The calibration step fits an effective point-mass friction value so that point-mass lateral limits approximate single-track lateral limits over a speed set. Conceptually, this is a least-squares fit:

\[ \mu^\star = \arg\min_{\mu}\sum_i\left(\mu\,a_n(v_i)-a_{y,\mathrm{lim},\mathrm{single\text{-}track}}(v_i)\right)^2 \]

This keeps cross-model comparison focused on structure, not arbitrary parameter offsets.

Main artifacts

  1. examples/output/spa/comparison/comparison_kpis.json
  2. examples/output/spa/comparison/speed_trace_comparison.png
  3. examples/output/spa/comparison/single_track/kpis.json
  4. examples/output/spa/comparison/point_mass_calibrated/kpis.json

How to read delta metrics

  • lap_time_delta: single-track minus point-mass lap time.
  • mean_abs_speed_delta: average absolute speed-gap over the full lap.
  • max_abs_speed_delta: largest local disagreement.
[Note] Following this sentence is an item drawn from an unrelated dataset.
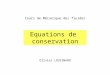 Equations de conservation Cours de Mécanique des fluides Olivier LOUISNARD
Interpretation rule: Use local speed differences along arc length to explain global KPI deltas.

Neutral comparison protocol

  1. Keep track data and runtime config identical for both models.
  2. Compare lap time, mean absolute speed delta, and local peak delta together.
  3. Attribute observed differences to specific mechanisms: yaw/axle dynamics, tire-model detail, or simplified envelopes.
  4. State clearly where point-mass is sufficient and where single-track is required.